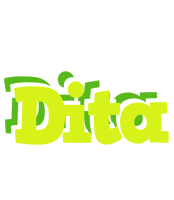 Dita citrus logo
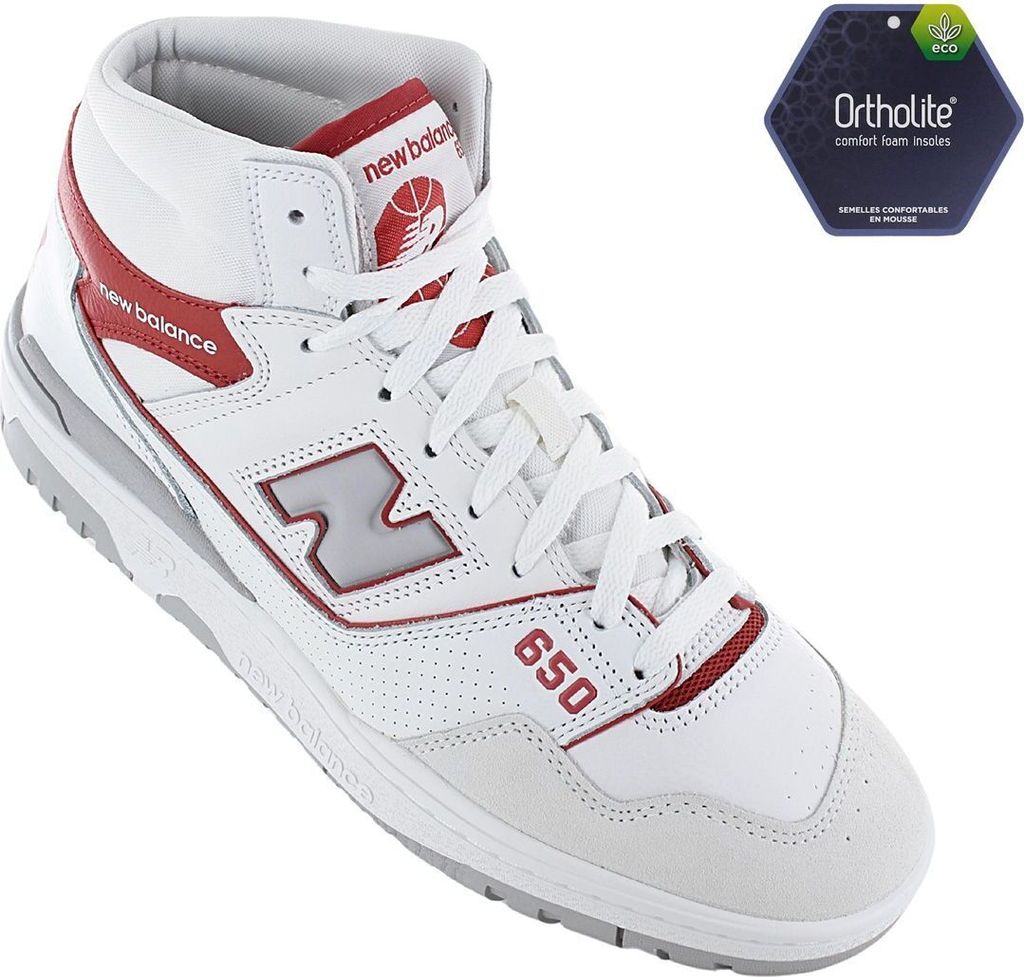New Balance 650R - Angora Pack - Herren Sneakers Schuhe Leder 650 BB650RWF , EU 42 US 8.5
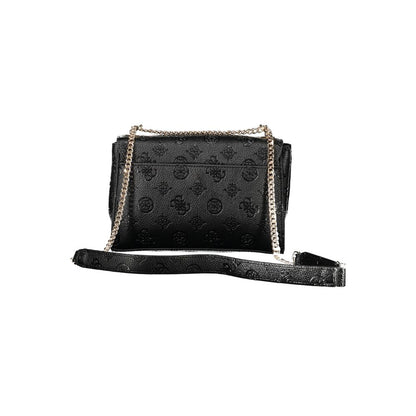 Black Polyethylene Handbag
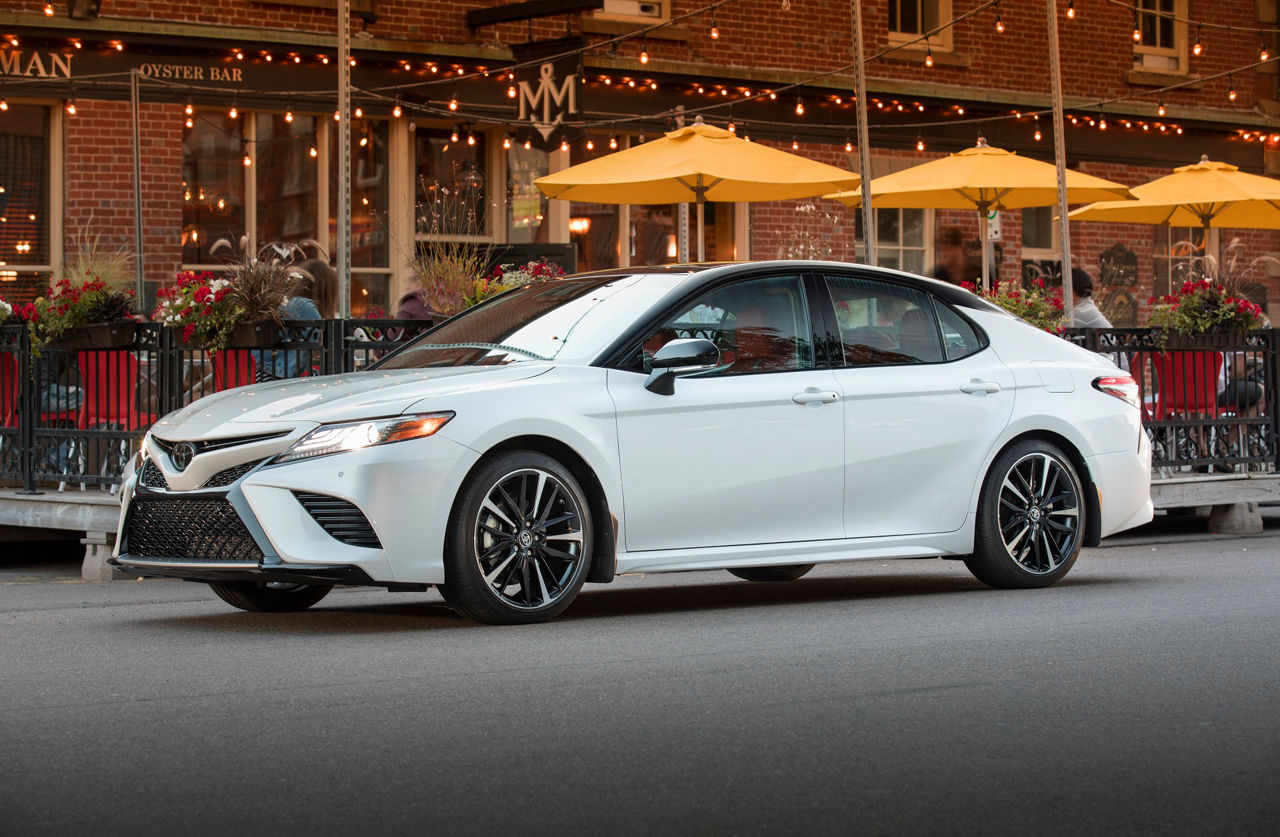 2019 Camry XSE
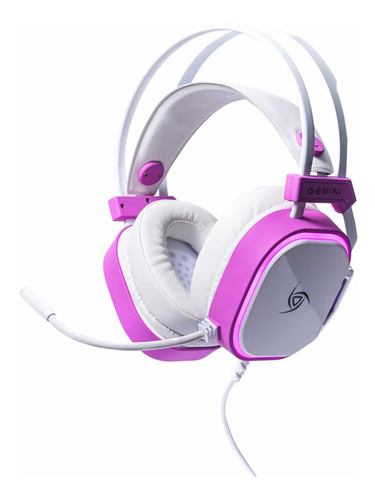 Imagen 3 de 7 de Diadema Gamer Gemini Vsg Multiplataforma Blanca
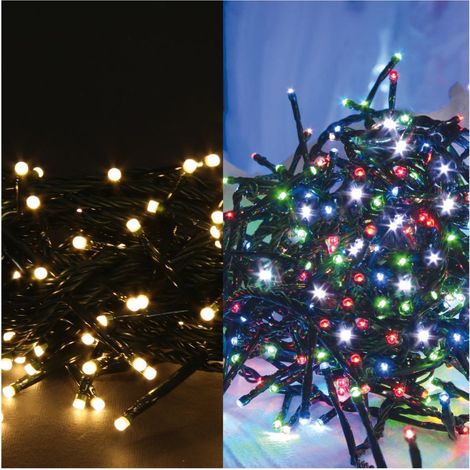 LUCI NATALE 600 LED 2IN1 BC/MULT -20559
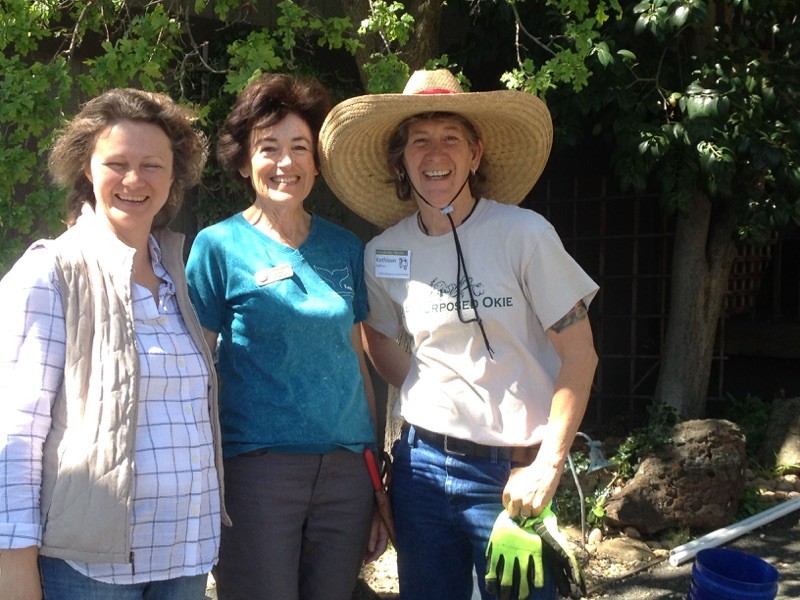 L2l Greywater Workshop At Benicias Mayor Elizabeth Patterson House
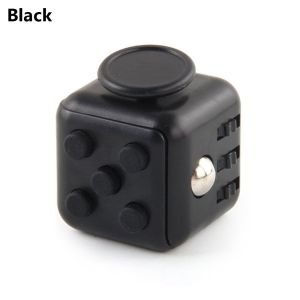 BUSH สำนักงาน Magic Cube บรรเทาความวิตกกังวล แบบพกพา Fidget Cube ของเล่นต่อต้านความเครียด ลูกเต๋าบีบอัด ออทิสติก
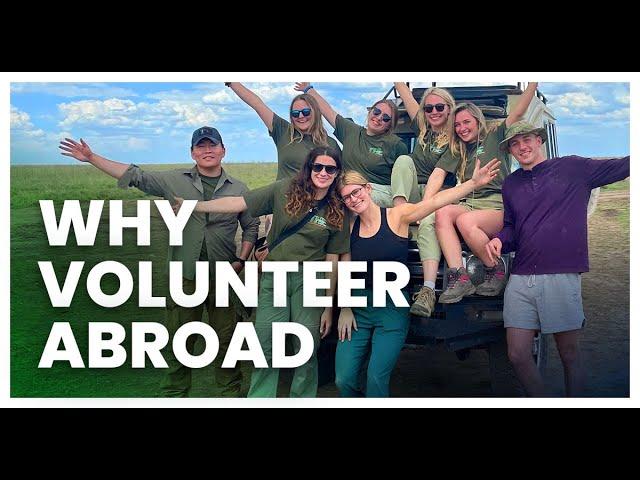 Why Volunteer Abroad | IVHQ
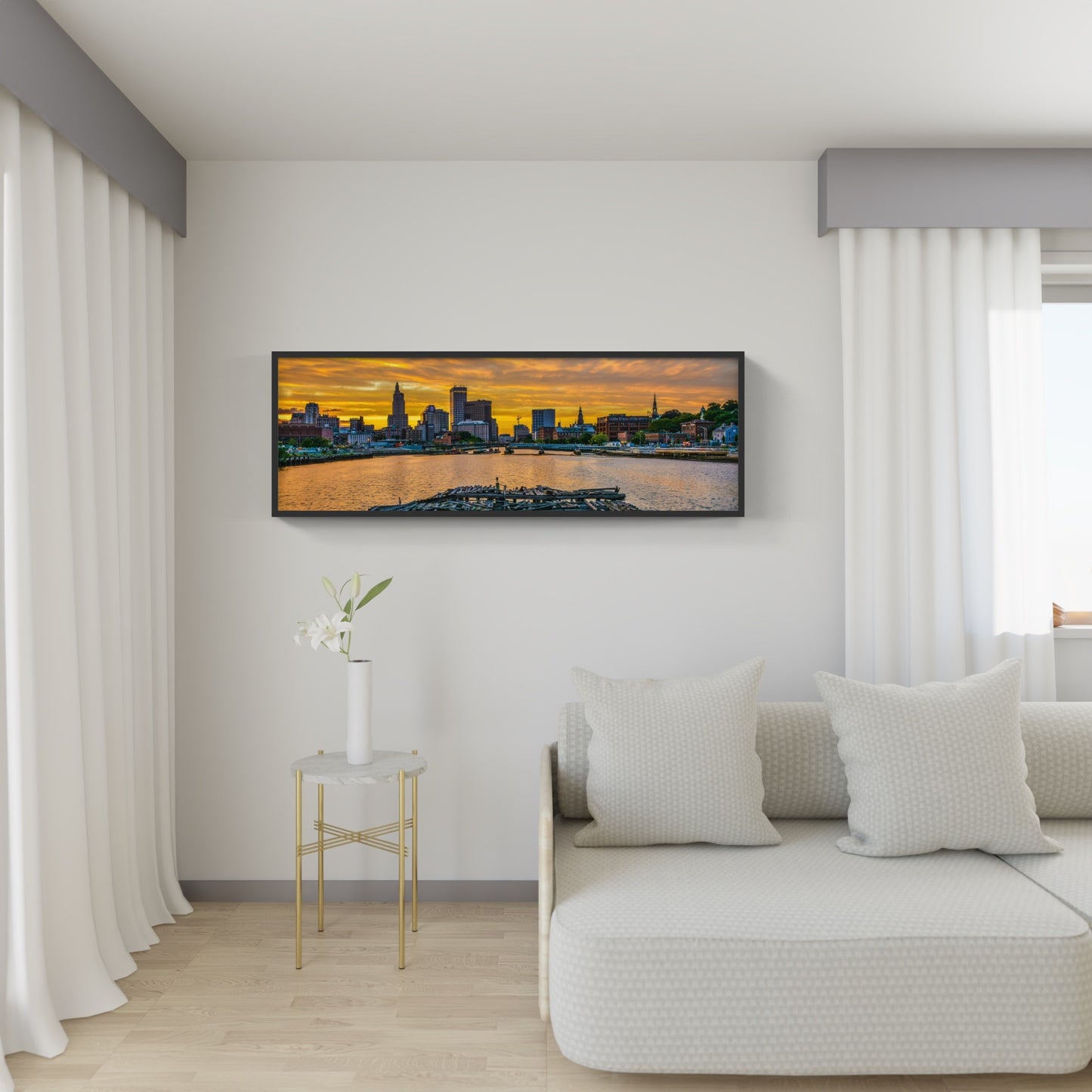 Providence Skyline Pano 6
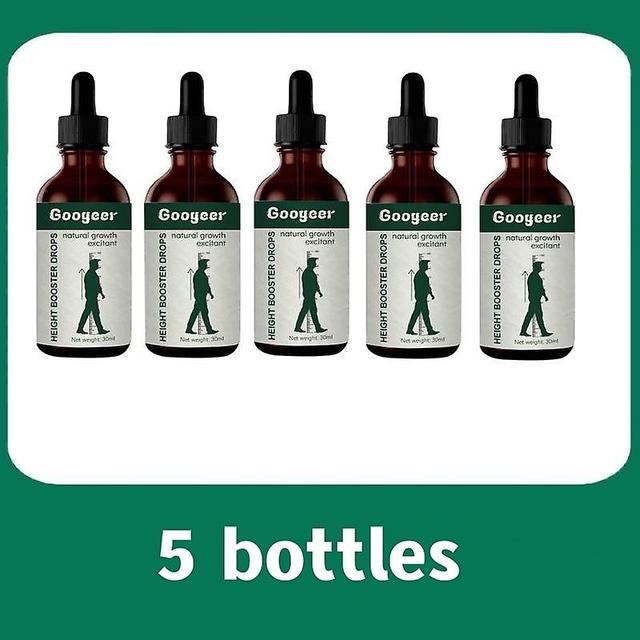 Height Increasing Essential Oil Body Grow Taller Essential Oil Foot Health Care Products Promot Bone Growth Height Booster 5 bottles on Productcaster.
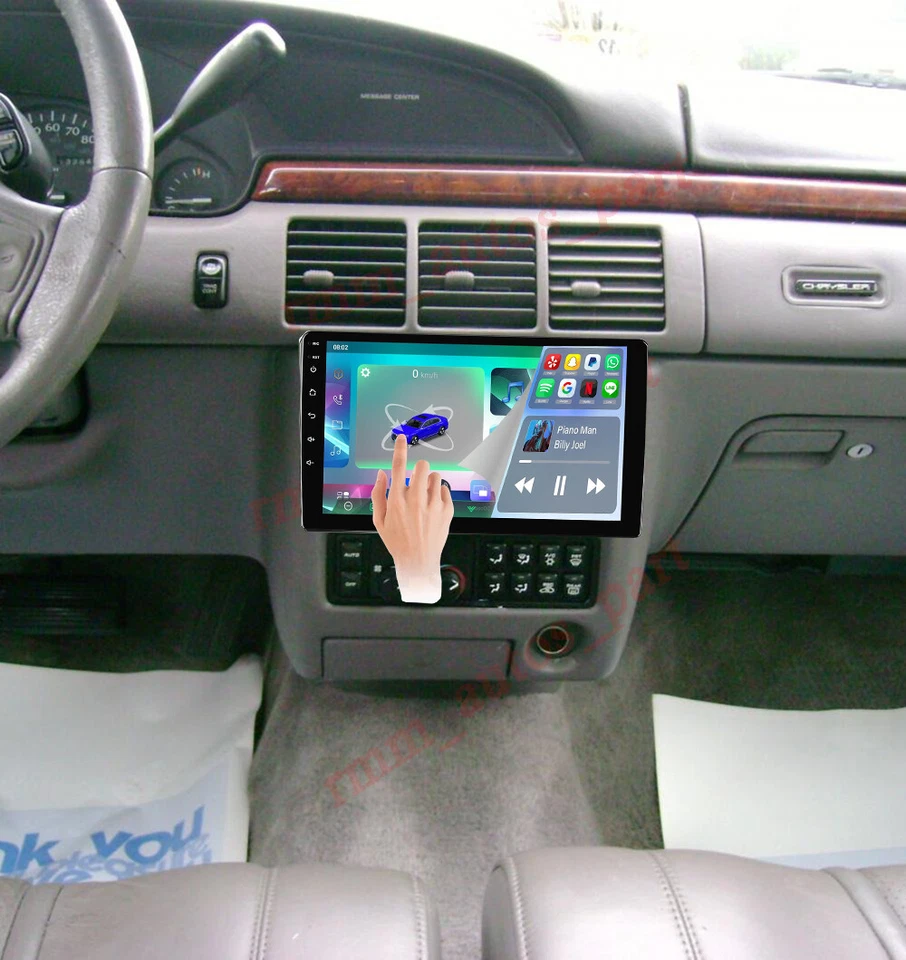 9" For Chrysler LHS 1995 1996 1997 Android 13.0 Apple Carplay Stereo Radio GPS Foto 3 de 4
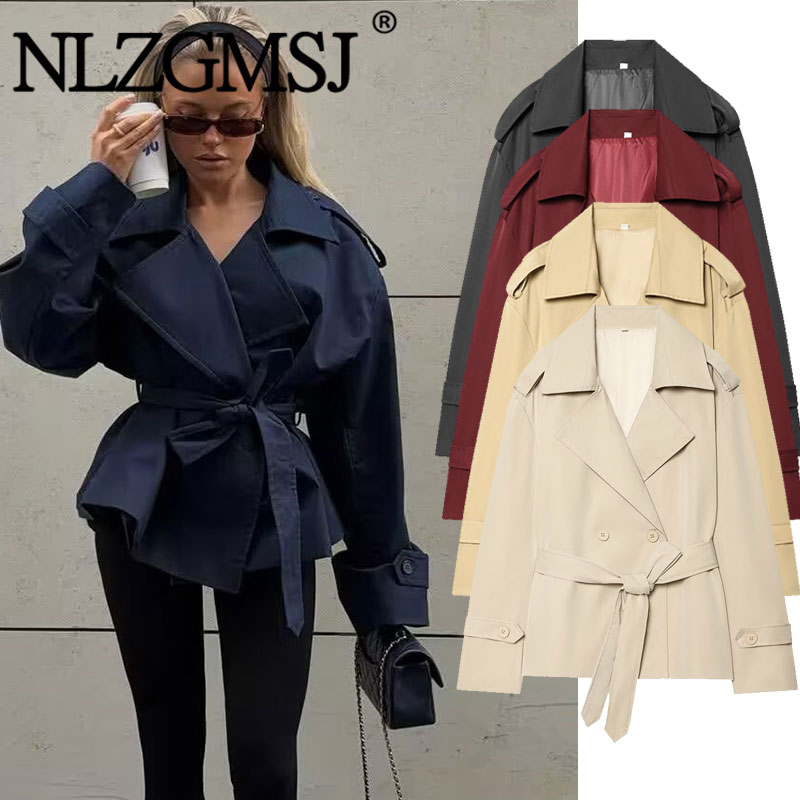 Nlzgmsj 2026 Spring French Sty - đánh giá và giá Trench Coat Formal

______________________________

REQUIRED WORK | Omitting all pictures, retype exactly the lines from the line containing "LUCI NATALE 600 LED 2IN1 BC/MULT -20559" down to the last line above, both ends included.

SOLUTION TO THIS TASK |
 LUCI NATALE 600 LED 2IN1 BC/MULT -20559
 L2l Greywater Workshop At Benicias Mayor Elizabeth Patterson House
 BUSH สำนักงาน Magic Cube บรรเทาความวิตกกังวล แบบพกพา Fidget Cube ของเล่นต่อต้านความเครียด ลูกเต๋าบีบอัด ออทิสติก
 Why Volunteer Abroad | IVHQ
 Providence Skyline Pano 6
 Height Increasing Essential Oil Body Grow Taller Essential Oil Foot Health Care Products Promot Bone Growth Height Booster 5 bottles on Productcaster.
 9" For Chrysler LHS 1995 1996 1997 Android 13.0 Apple Carplay Stereo Radio GPS Foto 3 de 4
 Nlzgmsj 2026 Spring French Sty - đánh giá và giá Trench Coat Formal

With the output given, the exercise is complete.